Mais je profiterai en revanche de la fête du Canada, à l'instar du Cinéma du Parc qui présente jusqu'au 3 juillet quatre «joyaux de la cinématographie canadienne» (The Apprenticeship of Duddy Kravitz, The Tracey Fragments, The Grey Fox et Nobody Waved Goodbye), pour suggérer 10 films de fiction canadiens, tournés dans la langue de Norman McLaren par autant de cinéastes, qui sont à mon avis incontournables.

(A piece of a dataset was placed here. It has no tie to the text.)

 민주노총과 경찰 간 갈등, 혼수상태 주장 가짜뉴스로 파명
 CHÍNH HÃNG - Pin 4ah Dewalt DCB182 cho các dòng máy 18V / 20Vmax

1. The Sweet Hereafter d'Atom Egoyan
Un accident d'autobus scolaire cause la mort de 14 enfants dans un village de la Colombie-Britannique. L'adaptation du roman de Russel Banks est le film le plus abouti, et le plus touchant, d'Atom Egoyan. Sarah Polley interprète avec grande finesse le rôle d'une survivante, qui tient le sort de sa communauté entre ses mains. Grand Prix du jury au Festival de Cannes.

2. Dead Ringers de David Cronenberg
Jeremy Irons n'a peut-être jamais été plus troublant que dans ce double rôle de vrais jumeaux - et gynécologues - déstabilisés par la présence forte d'une actrice célèbre (Geneviève Bujold), de laquelle ils tombent tous deux amoureux. Le rouge (sang) et le noir (cauchemardesque), selon David Cronenberg, qui a disséqué le sujet.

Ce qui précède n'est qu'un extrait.